Love Letters to Dead Architects: Driving Determination and Damned Dissapointment

My Dearest Fazlur Khan,

They call you “the Einstein of structural engineering” and while it may be true, I find the “Einstein of the human-heart” to be more correct. You understand that the height of a structure is not enough to compel the soul – though it helps – the real influence comes from stepping out of your self and looking through the unengineered eyes of a viewer. Never refusing the question “what was it like the first time I saw it?” and then re-creating that moment again and again. Take the framed tube, take the trussed tube, take the bundle tube, take the X bracing, take the concrete tube, all your creations, in the end they are all just burned rocks. You know that, and you love them, and all of us regardless.
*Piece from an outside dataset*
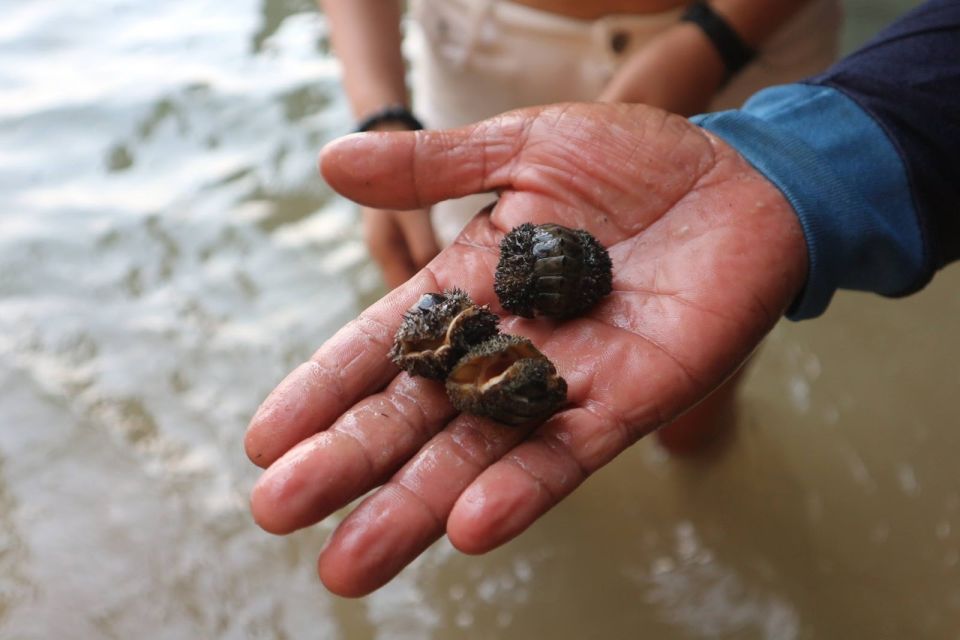 Krabi: Sea Cave Kayaking Tour With Lae Nai Lagoon and Lunch - Thai-Style Lunch at Makham Beach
So I guess I just want to say I love you back,


Retly Corm.


“The technical man must not be lost in his own technology; he must be able to appreciate life, and life is art, drama, music, and most importantly, people." Fazlur Khan



Mi Caro, Antionio Sant’Elia,

The say the good die young and I can say that the great die even younger. So how does it feel then, bright star, to be the John Keats of Architecture? Rather than the name writ in water, you wrote your monogram in raw, bare and violent colored materials. Or at least you would have.
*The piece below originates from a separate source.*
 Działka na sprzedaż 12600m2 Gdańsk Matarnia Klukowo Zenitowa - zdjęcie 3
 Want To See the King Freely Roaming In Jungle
This world was too small for you, my love, you who saw the world as the interweaving and overlapping of excitement and prosperity taken to the epic scale. Planes that park in garages, skywalks that are suspended over depths as daring as any tight-rope walker could imagine all nourished in your fertile brain. The future was within your grasp, tragically however, so was the present and it eventually claimed your life.
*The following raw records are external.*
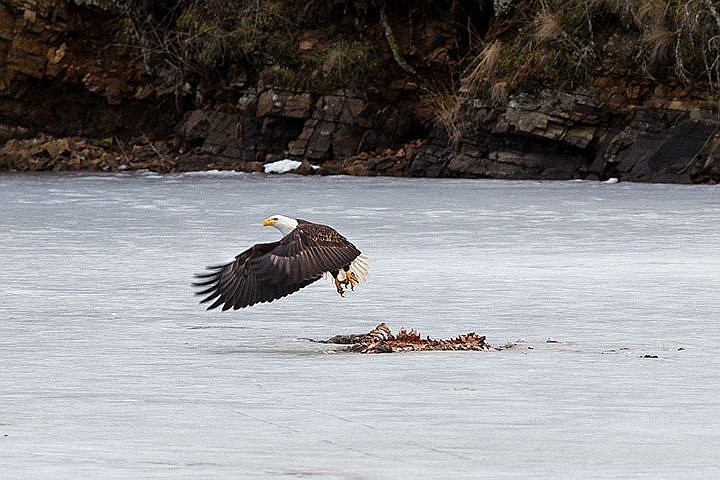 &lt;p&gt;A bald eagle takes flight after feeding on a carcass on the ice on Fernan Lake on Monday afternoon.&lt;/p&gt;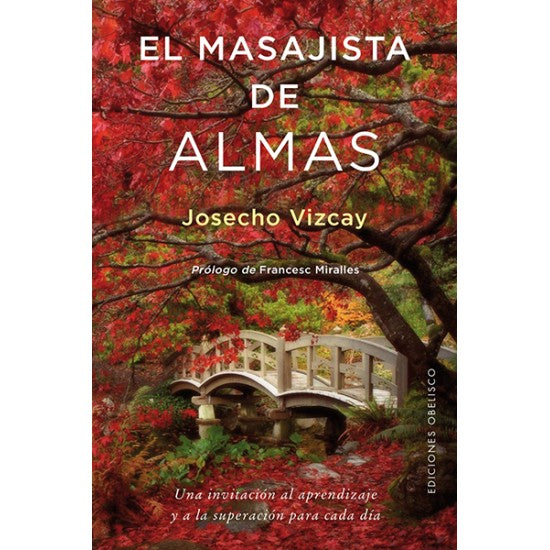 EL MASAJISTA DE ALMAS - Josecho Vizcay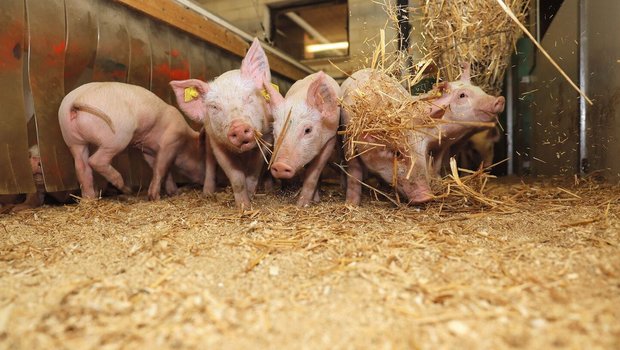 Abgesetzte Ferkel stehen in ihrer Bucht, als von oben Stroh eingestreut wird, das die Ferkel in der Nase piekt.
Now all I can do is sit in your future and sigh about our past.

With Love,

Retly Corm

Hello Bruno Taut.
Again, we find ourselves alone. You for your religious and social leanings, and me, well, me for my own reasons – do you remember not so long ago how it was, the sun would shine, the birds would sing and we would just lay around the garden city waiting for the earth to be engulfed in flames.

All that time, you would have thought we would have been prepared when it eventually happened.

We spent all of our time in brightly colored glass menageries- pushing the boundaries of the material. Back then we thought that the bright yellows and pastel blues and sharp reds of your Weissenhofsiedlung house would protect us. We laughed at the all white entries. But it seems the days of exhibition 19 are over.

I hope you make it out – I’m not sure I will.

Yours Affectionately,

Retly Corm.

Hermann, Hermann, Hermann,

Oh Hermann Finsterlin, what am I going to do with you? Not evil enough to be vilified, not virtuous enough to be deified. The right man? Possibly. The wrong time? Absolutely. You had so much potential:

Your sketches for a glass pavilion are worthy of post-post-modernists, paintings that almost smolder with passion, insightful writings, inspiring music, all of it unique and deeply personal. You are an expressionist thinker somewhere between art nouveau and something else, not defined quite yet.

Hard times became the crux of the problem, I suppose. Who would have seen the World War coming? You staved off the Nazis as long as you could, but you knew that couldn’t last forever. They would have you and your art eventually; and when that happened I was already long, long gone.

I understand, I do, you did what you had to in order for your life’s work to survive, but then the bombing took most of it away anyway – what was it all for Hermann, was it worth it?